Di samping itu, konsep Tritunggal yang diajarkan di 12:4-6 juga terlihat masih primitif. Tidak ada istilah tiga pribadi atau satu hakekat yang dipakai. Paulus pun tidak mengutarakan secara jelas bahwa Bapa, Anak, dan Roh adalah satu. Ia hanya menunjukkan secara implisit bahwa ketiganya tidak terpisahkan. Ada ketunggalan di dalam kejamakan, atau sebaliknya. Hal ini menyiratkan bahwa walaupun formulasi baku doktrin Tritunggal baru dirumuskan oleh bapa-bapa gereja di periode selanjutnya, tetapi konsep dasarnya sudah diajarkan secara jelas oleh Paulus.

Apa tujuan Paulus mengaitkan keberagaman aspek karunia rohani dengan Allah Tritunggal?

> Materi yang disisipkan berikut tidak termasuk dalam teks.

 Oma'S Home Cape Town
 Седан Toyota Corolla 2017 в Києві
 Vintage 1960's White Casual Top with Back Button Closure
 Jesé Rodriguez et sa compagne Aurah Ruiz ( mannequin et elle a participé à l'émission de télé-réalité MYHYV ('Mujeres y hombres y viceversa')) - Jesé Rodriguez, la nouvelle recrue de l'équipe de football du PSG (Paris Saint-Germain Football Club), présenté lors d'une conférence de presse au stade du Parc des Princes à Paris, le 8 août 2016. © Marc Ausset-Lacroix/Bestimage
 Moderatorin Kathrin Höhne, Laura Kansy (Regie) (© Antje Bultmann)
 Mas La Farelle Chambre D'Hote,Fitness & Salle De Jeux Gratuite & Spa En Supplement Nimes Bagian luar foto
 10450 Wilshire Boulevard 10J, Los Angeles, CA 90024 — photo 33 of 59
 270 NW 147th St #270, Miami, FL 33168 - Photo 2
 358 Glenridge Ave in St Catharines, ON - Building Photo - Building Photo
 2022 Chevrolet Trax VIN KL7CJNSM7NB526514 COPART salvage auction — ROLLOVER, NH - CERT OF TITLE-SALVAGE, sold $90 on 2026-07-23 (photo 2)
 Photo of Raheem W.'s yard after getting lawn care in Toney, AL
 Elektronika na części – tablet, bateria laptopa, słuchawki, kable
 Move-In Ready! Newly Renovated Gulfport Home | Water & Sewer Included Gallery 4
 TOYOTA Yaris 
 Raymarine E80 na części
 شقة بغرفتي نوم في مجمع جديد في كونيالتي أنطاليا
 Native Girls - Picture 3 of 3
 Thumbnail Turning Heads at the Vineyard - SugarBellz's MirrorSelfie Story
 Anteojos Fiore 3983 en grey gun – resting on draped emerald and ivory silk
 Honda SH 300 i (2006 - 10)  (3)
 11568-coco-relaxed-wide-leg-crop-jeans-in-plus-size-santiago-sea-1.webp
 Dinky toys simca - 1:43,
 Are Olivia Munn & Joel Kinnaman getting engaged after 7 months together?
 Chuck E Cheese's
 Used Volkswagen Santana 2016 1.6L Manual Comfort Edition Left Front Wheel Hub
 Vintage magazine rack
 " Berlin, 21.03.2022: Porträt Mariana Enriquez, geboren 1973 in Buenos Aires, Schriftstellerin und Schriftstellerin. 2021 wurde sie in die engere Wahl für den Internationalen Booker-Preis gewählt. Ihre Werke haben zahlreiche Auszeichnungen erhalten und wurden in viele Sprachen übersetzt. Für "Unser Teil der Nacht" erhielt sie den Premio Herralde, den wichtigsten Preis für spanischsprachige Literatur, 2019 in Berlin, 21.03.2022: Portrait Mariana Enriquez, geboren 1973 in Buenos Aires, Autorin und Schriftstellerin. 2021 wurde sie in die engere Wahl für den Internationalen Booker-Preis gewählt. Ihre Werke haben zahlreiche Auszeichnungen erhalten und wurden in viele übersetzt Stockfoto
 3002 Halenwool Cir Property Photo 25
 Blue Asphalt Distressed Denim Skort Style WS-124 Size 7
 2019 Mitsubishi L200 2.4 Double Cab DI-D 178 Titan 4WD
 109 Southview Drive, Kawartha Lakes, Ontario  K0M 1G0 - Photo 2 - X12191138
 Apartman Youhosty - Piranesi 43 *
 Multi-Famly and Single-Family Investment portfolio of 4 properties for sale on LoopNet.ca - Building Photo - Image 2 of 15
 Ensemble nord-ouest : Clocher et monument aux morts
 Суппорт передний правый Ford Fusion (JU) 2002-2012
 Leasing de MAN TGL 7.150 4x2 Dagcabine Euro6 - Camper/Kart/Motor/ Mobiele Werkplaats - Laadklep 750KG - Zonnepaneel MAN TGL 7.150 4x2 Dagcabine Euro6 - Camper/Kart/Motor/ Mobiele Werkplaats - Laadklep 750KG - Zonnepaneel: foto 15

Mengapa ia tidak langsung menghubungkan itu dengan Roh Kudus saja? Paulus ingin mengajarkan kepada jemaat Korintus bahwa karena Allah Tritunggal yang tidak terpisahkan merupakan sumber dari semua karunia rohani, maka penggunaan karunia tersebut di dalam gereja juga harus mencerminkan relasi Tritunggal. Adalah sangat ironis apabila kepemilikan karunia rohani justru menjadi penyebab perselisihan di jemaat Korintus. Sama seperti dalam diri Tritunggal ada kejamakan (Pribadi) tetapi tetap dalam ketunggalan (hakekat), demikian pula jemaat Tuhan memiliki ketunggalan (sama-sama mengakui Yesus sebagai Tuhan) di dalam kejamakan (masing-masing diberi karunia yang spesifik). Soli Deo Gloria.